Analysts polled by Thomson Reuters were expecting a loss of 27 cents per share on revenues of $56.05 million.

"General Maritime has continued to take important steps to strengthen its balance sheet and capital structure, which has enhanced the company's ability to operate in a challenging market environment and improved its future prospects," said John Tavlarios, president and chief executive, in the earnings release.

"During the second quarter and into the current third quarter, General Maritime has completed a number of important transactions aimed at increasing the company's liquidity and financial flexibility."

During the call Thursday, Tavlarios also expressed optimism about the second half of the year.

"We believe conditions as we move through the second half of 2011 will be better than those in the first half; that a more pronounced recovery in late 2011 is a credible scenario," he said in the call.

"Most importantly to our shareholders and debt holders, whatever the slope of the curve, General Maritime remains well positioned with approximately 42% coverage for 2011. This enables us to generate contracted cash flow, while also leaving opportunity to profit from rising rates."

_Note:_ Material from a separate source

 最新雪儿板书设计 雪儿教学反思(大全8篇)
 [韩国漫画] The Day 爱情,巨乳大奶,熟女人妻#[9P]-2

Cengage plummets after earnings

In other earnings news, Florence, Ky.-based Cengage Learning Holdings II LP reported weaker earnings, which also sent their bonds down about 5 points, according to a trader.

He saw the 10½% notes due 2015 closing in the mid-80s.

For its fourth fiscal quarter, the learning and research solutions company posted revenues of $279.2 million, down 14.5% year over year. Adjusted EBITDA fell 13.9% to $201.5 million.

The company said the decline in revenues was due in part to declines in its domestic and international units and the lower EBITDA was blamed on lower revenues.

For the full year, revenues dropped 7% to $1.87 billion.

Cash and equivalents, however, rose to $34.2 million from $27 million in fiscal 2010.

TXU weakens on results

Energy Future Holdings also reported numbers Friday. A wider loss pushed the company's bonds down about 2 points, a trader said.

He saw the 10¼% notes due 2015 trading around 48.

The power producer reported a net loss of $705 million, compared with $426 million the year before. Revenues fell 16% to $1.68 billion, due in part to business and residential customer losses.

Interest and related charges meantime increased to $1.3 billion during the quarter, compared with $179 million for the same quarter of 2010. The increase was due in part to the company's attempts to extend debt maturities.

Also, the interest costs ate up a majority of the company's revenues.

Earlier in the month, Dallas-based TXU - as the company is more commonly known as - said that it might have to shutter some of its plants in Texas because of a new Environmental Protection Agency rule that goes into effect on Jan. 1. The company has said it does not have enough time to make the plants compliant.